───── RECORD SET

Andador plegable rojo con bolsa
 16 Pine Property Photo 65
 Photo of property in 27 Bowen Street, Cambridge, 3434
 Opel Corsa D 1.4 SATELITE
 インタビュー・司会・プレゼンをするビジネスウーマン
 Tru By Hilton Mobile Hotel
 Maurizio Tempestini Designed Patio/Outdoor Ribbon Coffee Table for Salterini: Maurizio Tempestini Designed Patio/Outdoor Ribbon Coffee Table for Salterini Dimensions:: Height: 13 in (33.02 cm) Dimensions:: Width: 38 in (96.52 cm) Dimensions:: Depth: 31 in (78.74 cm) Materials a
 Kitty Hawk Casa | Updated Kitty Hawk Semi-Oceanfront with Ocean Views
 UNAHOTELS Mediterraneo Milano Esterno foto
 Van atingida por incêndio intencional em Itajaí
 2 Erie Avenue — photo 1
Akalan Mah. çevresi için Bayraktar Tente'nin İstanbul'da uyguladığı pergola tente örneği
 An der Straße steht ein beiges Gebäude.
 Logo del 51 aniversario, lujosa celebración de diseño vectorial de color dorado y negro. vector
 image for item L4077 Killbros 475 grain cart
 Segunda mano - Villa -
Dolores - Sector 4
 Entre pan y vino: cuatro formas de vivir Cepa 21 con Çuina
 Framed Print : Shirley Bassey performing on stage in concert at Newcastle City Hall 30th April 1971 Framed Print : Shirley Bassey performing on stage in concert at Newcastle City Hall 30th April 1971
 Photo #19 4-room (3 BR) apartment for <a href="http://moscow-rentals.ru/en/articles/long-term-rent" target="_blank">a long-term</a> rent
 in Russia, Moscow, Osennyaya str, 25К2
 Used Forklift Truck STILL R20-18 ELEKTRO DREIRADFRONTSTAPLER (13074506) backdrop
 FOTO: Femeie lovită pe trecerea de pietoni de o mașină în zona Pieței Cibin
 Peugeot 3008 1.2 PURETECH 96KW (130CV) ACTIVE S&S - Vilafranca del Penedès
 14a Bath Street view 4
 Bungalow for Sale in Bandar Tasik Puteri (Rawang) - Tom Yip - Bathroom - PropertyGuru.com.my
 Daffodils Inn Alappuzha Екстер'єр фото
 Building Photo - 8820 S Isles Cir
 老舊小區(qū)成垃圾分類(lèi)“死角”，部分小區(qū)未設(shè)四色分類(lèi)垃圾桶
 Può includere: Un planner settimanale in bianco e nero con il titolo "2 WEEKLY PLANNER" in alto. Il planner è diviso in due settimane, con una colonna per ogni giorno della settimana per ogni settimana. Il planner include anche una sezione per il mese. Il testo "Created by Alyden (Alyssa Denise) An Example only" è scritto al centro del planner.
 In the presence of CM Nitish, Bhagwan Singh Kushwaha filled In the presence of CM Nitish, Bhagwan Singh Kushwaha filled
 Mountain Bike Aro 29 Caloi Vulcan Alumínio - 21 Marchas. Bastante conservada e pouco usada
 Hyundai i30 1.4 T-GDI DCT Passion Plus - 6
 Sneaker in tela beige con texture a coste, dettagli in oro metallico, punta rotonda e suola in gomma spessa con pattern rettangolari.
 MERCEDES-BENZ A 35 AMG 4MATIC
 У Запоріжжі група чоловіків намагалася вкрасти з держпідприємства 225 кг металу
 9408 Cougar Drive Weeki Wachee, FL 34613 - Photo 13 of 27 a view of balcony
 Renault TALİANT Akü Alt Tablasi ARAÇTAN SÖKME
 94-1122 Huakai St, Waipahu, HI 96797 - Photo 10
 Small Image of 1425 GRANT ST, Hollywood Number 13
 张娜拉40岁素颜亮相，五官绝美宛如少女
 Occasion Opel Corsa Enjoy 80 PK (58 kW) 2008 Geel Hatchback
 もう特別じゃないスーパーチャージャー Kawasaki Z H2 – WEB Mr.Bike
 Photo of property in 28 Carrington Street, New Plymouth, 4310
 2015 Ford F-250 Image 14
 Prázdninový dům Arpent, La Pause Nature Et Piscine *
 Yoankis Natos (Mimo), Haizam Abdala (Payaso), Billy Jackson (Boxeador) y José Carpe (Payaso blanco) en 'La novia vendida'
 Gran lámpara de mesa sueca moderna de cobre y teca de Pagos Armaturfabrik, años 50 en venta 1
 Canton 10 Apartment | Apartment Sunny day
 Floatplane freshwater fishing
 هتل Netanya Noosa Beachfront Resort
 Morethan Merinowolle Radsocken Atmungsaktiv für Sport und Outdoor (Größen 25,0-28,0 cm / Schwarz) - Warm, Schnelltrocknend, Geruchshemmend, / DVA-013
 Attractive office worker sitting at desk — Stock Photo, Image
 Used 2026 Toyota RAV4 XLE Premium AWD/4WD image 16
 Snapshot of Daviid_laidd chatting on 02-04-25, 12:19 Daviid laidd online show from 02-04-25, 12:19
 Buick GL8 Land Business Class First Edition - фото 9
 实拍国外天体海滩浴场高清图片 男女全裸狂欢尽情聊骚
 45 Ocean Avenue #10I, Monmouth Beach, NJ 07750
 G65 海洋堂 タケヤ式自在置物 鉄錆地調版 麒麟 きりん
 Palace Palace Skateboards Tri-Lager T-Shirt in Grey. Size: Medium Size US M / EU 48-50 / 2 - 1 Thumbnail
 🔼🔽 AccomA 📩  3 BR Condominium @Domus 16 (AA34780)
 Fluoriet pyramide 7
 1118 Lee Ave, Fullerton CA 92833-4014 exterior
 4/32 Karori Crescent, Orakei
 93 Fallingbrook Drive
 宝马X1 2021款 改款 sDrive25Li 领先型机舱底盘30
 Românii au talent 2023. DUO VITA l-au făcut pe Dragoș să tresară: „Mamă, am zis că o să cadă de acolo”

──────────

Report each line in the entries where the string "Street" occurs.

 Photo of property in 27 Bowen Street, Cambridge, 3434
 14a Bath Street view 4
 Photo of property in 28 Carrington Street, New Plymouth, 4310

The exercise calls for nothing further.